Looks like a bit more than a lowly tribesman. Sounds very like the time a mysterious stranger walked into the Fang and challenged Russ...

And I just saw that it's Bean Counter writing it. *sigh*


----------



## Tawa (Jan 10, 2010)

Khorne's Fist said:


> And I just saw that it's Bean Counter writing it. *sigh*


*slams head against desk*


----------



## Brother Lucian (Apr 22, 2011)

Tawa said:


> *slams head against desk*


The last I read from him was Malodrax, I found it quite engaging. He is really good at portraying the twisted wrongness of chaos.


----------



## Vaz (Mar 19, 2008)

It's not so much he gets Chaos, just that he writes whatever and it somehow fits Chaos, in the same way that Infinite Monkeys at Typewriters can produce the complete works of Charles Dickins.


----------



## piemelke (Oct 13, 2010)

Vaz said:


> It's not so much he gets Chaos, just that he writes whatever and it somehow fits Chaos, in the same way that Infinite Monkeys at Typewriters can produce the complete works of Charles Dickins.


so there is hope that Nick will actually write something good (bad joke, sorry) ?


----------



## Brother Lucian (Apr 22, 2011)

piemelke said:


> so there is hope that Nick will actually write something good (bad joke, sorry) ?


Look up http://www.blacklibrary.com/horus-heresy/chirugeon-ebook.html It was actually one of Kyme's better stories.


----------



## Tawa (Jan 10, 2010)

Brother Lucian said:


> The last I read from him was Malodrax, I found it quite engaging. He is really good at portraying the twisted wrongness of chaos.


I'm not saying he's bad. Just that if, say, I dunk a mop in a bucket of pig fat and then stick the mop up my arse and set myself to writing a first draft with it whilst riding a rollercoaster , I could possibly turn out something of similar quality to some of the offerings I've read......


----------



## Captain_Loken (Jul 26, 2015)

Brother Lucian said:


> http://www.blacklibrary.com/warhammer-40000/space-wolves-quick-reads-subscription.html
> 
> Seems Black library has started a new and interesting sounding space wolves story:
> 
> ...



Very anxious for this to come out. I haven't been a huge SM fan, but I started out with Space Wolves and adore their story.

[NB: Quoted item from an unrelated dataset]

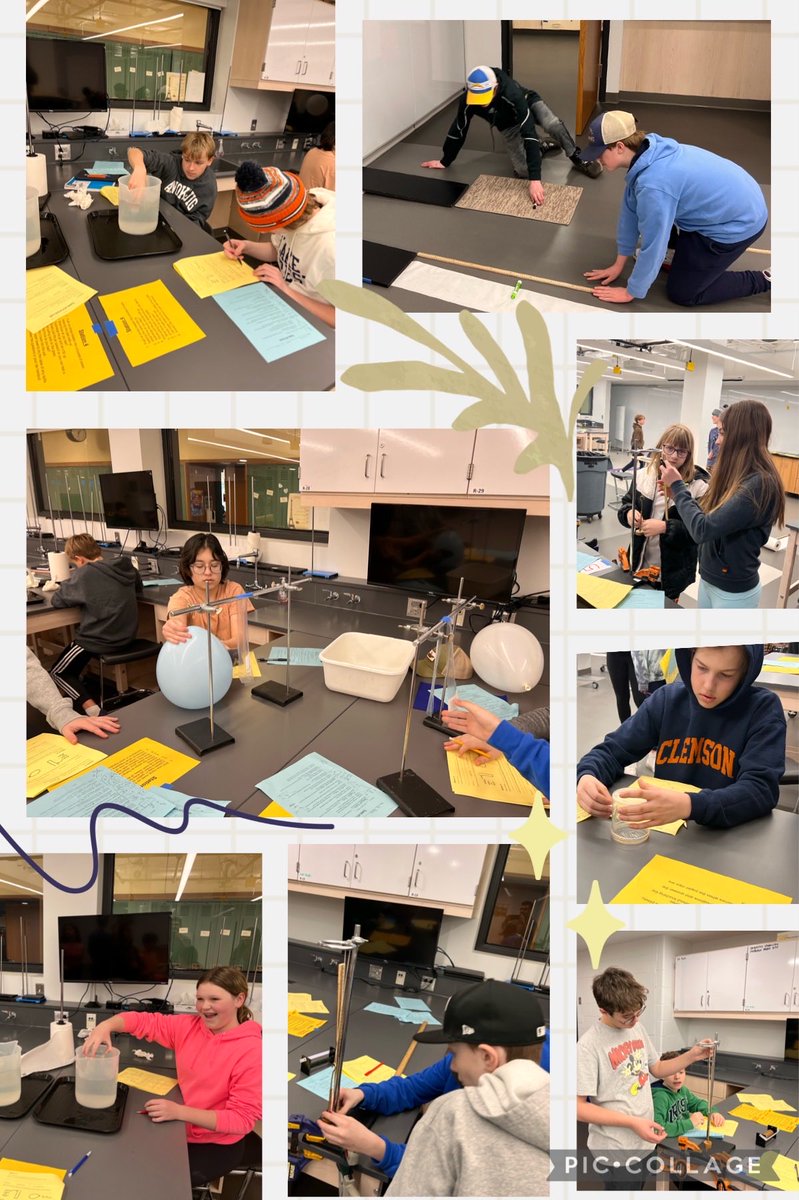 7th grade students learning about different types of forces and drawing force diagrams in this introductory lab #WeAreDeerPath #LFMoments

This will be great! I hope Jeff Grubb or Dan Abnett writes this!


----------



## Khorne's Fist (Jul 18, 2008)

Captain_Loken said:


> This will be great! I hope Jeff Grubb or Dan Abnett writes this!


As mentioned in the previous posts, it's Ben Counter.


----------



## Brother Lucian (Apr 22, 2011)

Decided to bite. Feast of lies is clearly mislabeled as an e-short, its the same lenght as other ebooks for that cost.

I found it a well written tale, giving a new sight into the space wolf culture that Ive not seen before. And I certainly did not expect to see that being involved in it.

But given a specific character appearing, it has taken a lot of the impact out of the tale, once you realize it.


Berek Thunderfist appears, so the tale is set pre-Ragnar Blackmane, and we know that Logan Grimnar is present in his time. So some obvious conclusions can be drawn from that.


----------